Anwar Hafid Protes DBH Nikel, Aulia Hakim: Sulteng Harus Berani Meregionalisasi Aset SDA Secara Utuh

Media Suara Palu, Palu- Pernyataan Gubernur Sulawesi Tengah Anwar Hafid yang memprotes ketimpangan Dana Bagi Hasil (DBH) dari sektor tambang nikel mendapat dukungan dari pegiat sumber daya alam, Aulia Hakim.

Ia menilai langkah Gubernur Anwar patut diapresiasi karena menyoroti ketidakadilan fiskal yang selama ini dirasakan daerah penghasil tambang.

“Untuk merealisasikan dampak ekonomi dari ekstraksi sumber daya alam, harus dibaca seberapa besar kontribusinya terhadap perubahan ekonomi dan kesejahteraan masyarakat Sulteng,” kata Aulia dalam pernyataannya di Palu. Ia mengingatkan pentingnya kehati-hatian dalam mendorong produksi nikel yang semakin massif agar tidak menimbulkan oversupply yang justru merugikan daerah dari sisi cadangan SDA kritis.

Menurutnya, industri nikel sebagai penyumbang utama penerimaan negara dari sektor tambang harus dikelola dengan tata kelola yang lebih baik dan berpihak pada rakyat. “Sangat disayangkan jika pemerintahan berani (Anwar–Reny) tidak segera mendobrak kebuntuan ini. Buruh masih terjepit oleh upah rendah, minim jaminan keselamatan kerja, serta maraknya konflik lahan dan kerusakan lingkungan yang memperburuk citra industri nikel di Sulteng,” ujar Aulia.

Ia menegaskan bahwa pemerintah harus merumuskan strategi menyeluruh untuk memaksimalkan pengelolaan SDA, dimulai dari reformasi kebijakan politik hingga perbaikan kondisi sosial ekonomi dan lingkungan. Masalah ketenagakerjaan, kata Aulia, harus menjadi prioritas mengingat buruh merupakan elemen kunci dalam produksi nikel. “Kecelakaan kerja dan pengabaian hak-hak buruh menjadi persoalan yang terus berulang dari pemerintahan ke pemerintahan,” tambahnya.
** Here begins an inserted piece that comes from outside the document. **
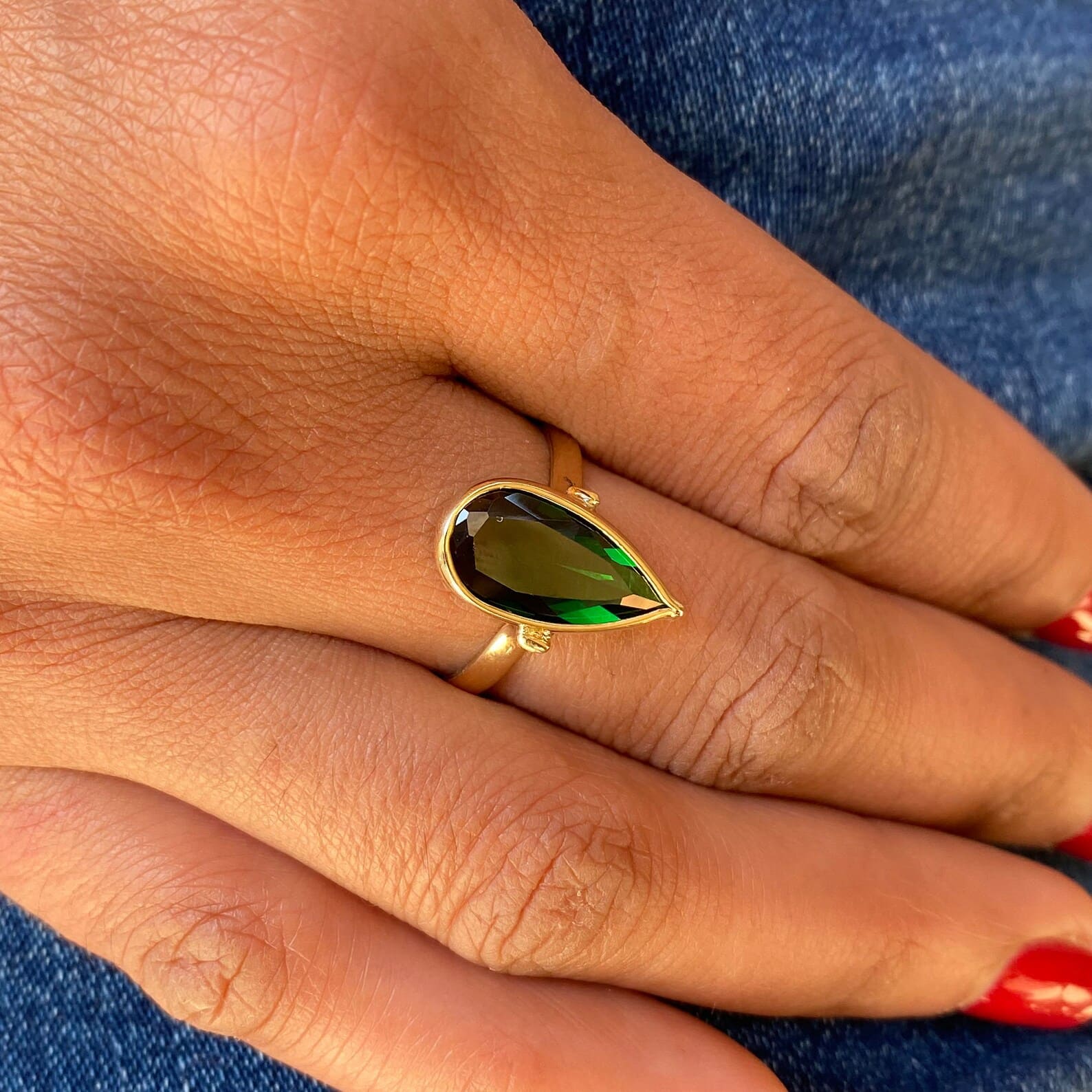 green spinel gold ring on the ring finger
Sebelumnya, Gubernur Anwar Hafid menyatakan bahwa Sulawesi Tengah hanya menerima DBH sekitar Rp200 miliar per tahun, meskipun menjadi penyumbang besar penerimaan negara dari industri tambang dan smelter, yang menurut Presiden RI mencapai Rp570 triliun. Ia menggambarkan kondisi daerah sebagai “hancur-hancuran” akibat eksploitasi tambang yang tidak memberikan manfaat signifikan bagi pendapatan daerah.
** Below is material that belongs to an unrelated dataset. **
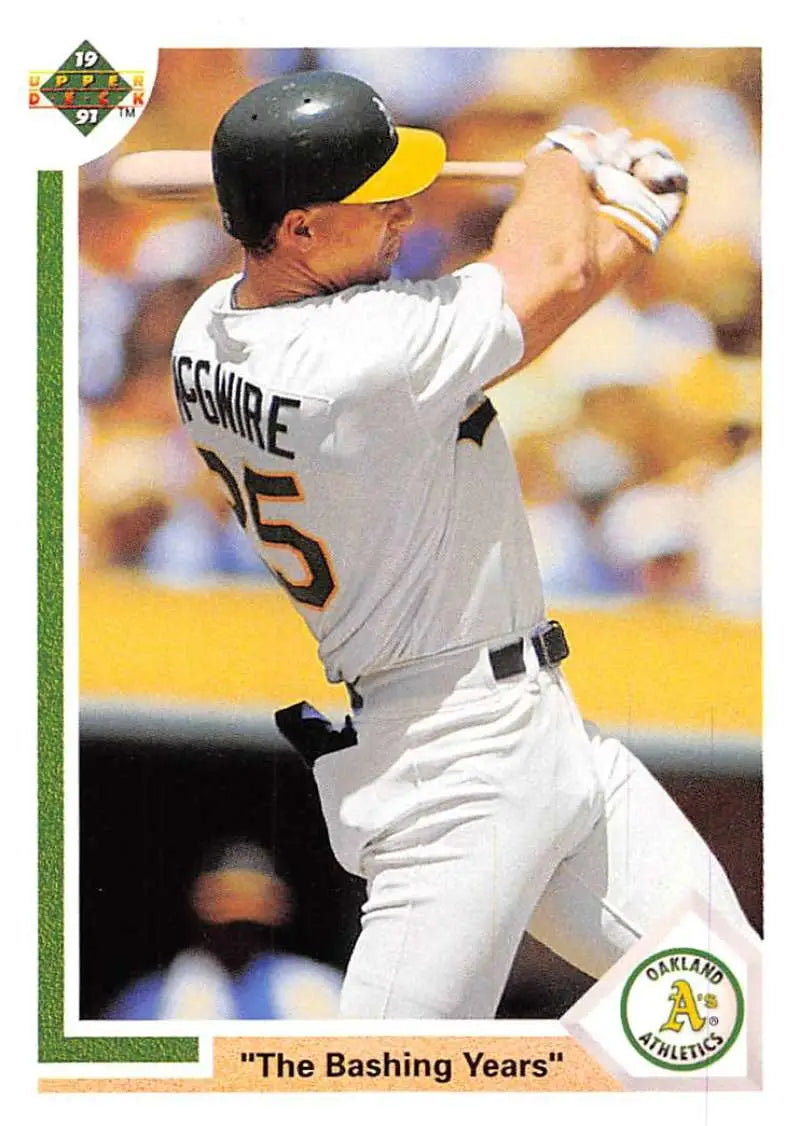 Mark McGwire swinging a bat in white Oakland Athletics uniform for Upper Deck card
Paradoks pengelolaan SDA ini, menurut Anwar, memperkuat berbagai hasil riset dan pemberitaan yang menyoroti ketimpangan dalam distribusi hasil tambang. Data Badan Pusat Statistik mencatat tingkat kemiskinan di Sulteng pada Maret 2023 sebesar 12,41 persen, naik 0,08 persen dari tahun sebelumnya. Angka pengangguran yang cukup tinggi juga memperparah situasi di tengah proses industrialisasi yang sedang berlangsung.

Aulia menambahkan, tren industrialisasi nikel harus disikapi secara kritis oleh publik agar pembangunan ekonomi benar-benar berpihak pada rakyat. Ia menilai langkah Anwar seharusnya tidak berhenti pada manajemen pemerintahan semata, tetapi juga menyentuh aspek politik yang lebih dalam, seperti kepemilikan rakyat atas SDA, nasionalisasi aset, dan keberanian meregionalisasi pengelolaan SDA di Sulteng.

“Tujuannya bukan lain adalah untuk mewujudkan kedaulatan rakyat atas sumber daya alamnya sendiri, sebagaimana amanat konstitusi kita,” pungkasnya.